Il muro di Betlemme trasformato per la visita del Papa

Di Alex Shams. Betlemme-Ma’anIn anticipo rispetto alla visita di Papa Francesco in Terra Santa nella giornata di domenica 25 maggio, gli abitanti di Betlemme ed i suoi funzionari sono stati impegnati a ricoprire la città di manifesti per celebrare la sua prima visita ufficiale.

Grandi striscioni raffiguranti Sua Santità accanto al presidente Mahmoud Abbas adornano i principali incroci, mentre i più umili manifesti appesi vicino ai negozi ed alle case sono quelli riservati al suo benvenuto da parte delle famiglie di Betlemme.

Nella storica piazza della Mangiatoia di Betlemme, tuttavia, il Papa è stato accolto da uno scenario radicalmente diverso: grandi interpretazioni di classici dipinti europei di sofferenza biblica, giustapposti ad alcune fotografie delle attuali condizioni di vita palestinese.

Tali sorprendenti immagini fanno parte del progetto “In presenza della Santa Sede”, promosso dal Museo palestinese con lo scopo accogliere il Papa in un modo del tutto unico: esaminare l’esperienza palestinese in relazione ad uno dei più famosi martiri della terra, Gesù Cristo.

Gli striscioni includono alcune scene del compianto di Cristo accostate all’immagine di una donna intenta a spulciare tra i suoi averi dopo un attacco israeliano al campo profughi di Jenin e a quella di un uomo che trascina un corpo che è allo stesso tempo un palestinese, vittima del fuoco israeliano, ed il Cristo martire.

Il direttore del Museo John Persekian ha riferito a Ma’an che queste immagini hanno lo scopo di aiutare gli spettatori, Papa compreso, a rivalutare la questione palestinese ed a comprenderla attraverso una lente più “umana”, esplorando contemporaneamente la pertinenza degli insegnamenti cristiani oggi.

“Abbiamo cercato di diffondere il messaggio cristiano ed i suoi insegnamenti, giustapponendoli alla situazione attuale, per aiutarci a riflettere su quello che è successo negli ultimi 66 anni”, ha dichiarato; aggiungendo poi: “Come facciamo a comprendere queste esperienze in relazione ai messaggi di fede, pace, amore, perdono ed all’esistenza di un Dio giusto?”.
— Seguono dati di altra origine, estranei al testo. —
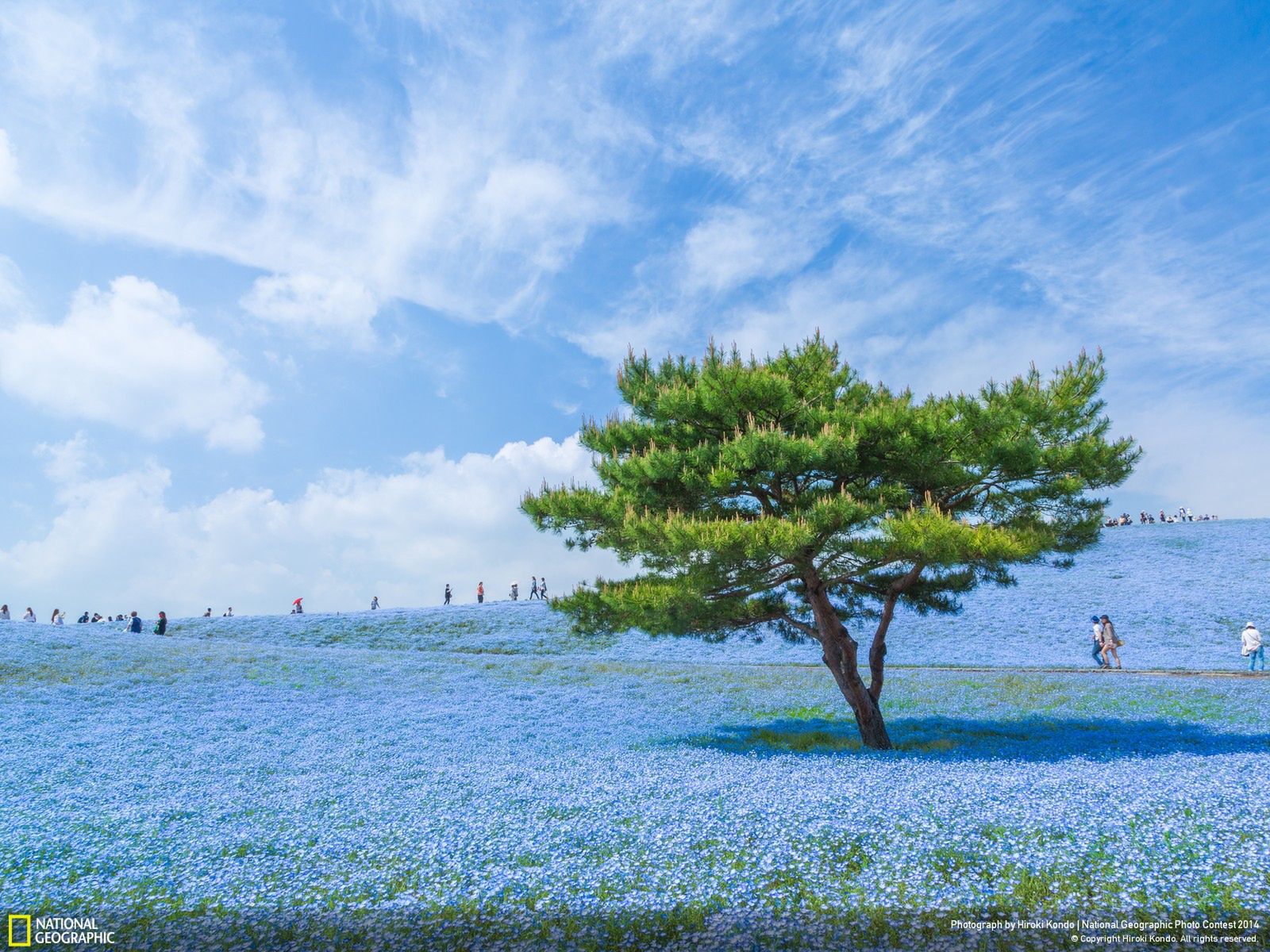 Najlepsze zgłoszenia z National Geographic Photo Contest 2014 10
Gli striscioni sono esposti non solo nella piazza della Mangiatoia, ma anche nel vicino campo profughi di Duheisha che ospita circa 15.000 palestinesi fuggiti o espulsi dalle loro case per mano delle milizie sioniste nella guerra del 1948, che ha portato alla creazione dello stato di Israele.

In Giordania nella giornata di sabato, il Papa ha incontrato i bambini rifugiati siriani e il programma di domenica è l’incontro con quelli di Duheisha, dove avrà modo di vedere gli striscioni. Dal momento che il conflitto siriano ha comportato un esodo di massa dal paese negli ultimi anni, la situazione dei profughi palestinesi – cui è stato negato per 66 anni il diritto al ritorno nelle loro case da parte di Israele – si continua a stagliare sullo sfondo.

“Che cosa significa essere umiliati per così tanto tempo?” si domanda Persekian. “Che cosa ci dice della fede dei popoli espropriati?”.

L’accostamento di dipinti classici accanto a fotografie in bianco e nero crea un potente parallelismo che mette in evidenza l’universalità della sofferenza, soprattutto perché attinge a specifici esempi storici.

Allo stesso tempo, Persekian afferma che le opere artistiche fungono da specchio per il mondo occidentale e per le risposte più disparate che da esso sono state rivolte alla sofferenza del più famoso dei martiri palestinesi, Gesù, ed a quella dei suoi antenati, i palestinesi contemporanei.

«Come ha guardato il mondo ai palestinesi e come li ha trattati, in particolar modo il mondo occidentale in cui la maggioranza è cristiana? Come hanno applicato questi valori?” ha domandato.

Queste domande saranno impresse nella mente di molte persone domenica, quando il papa – il capo di una chiesa di oltre 1 miliardo di persone in tutto il mondo – verrà in visita nella piccola città di Betlemme.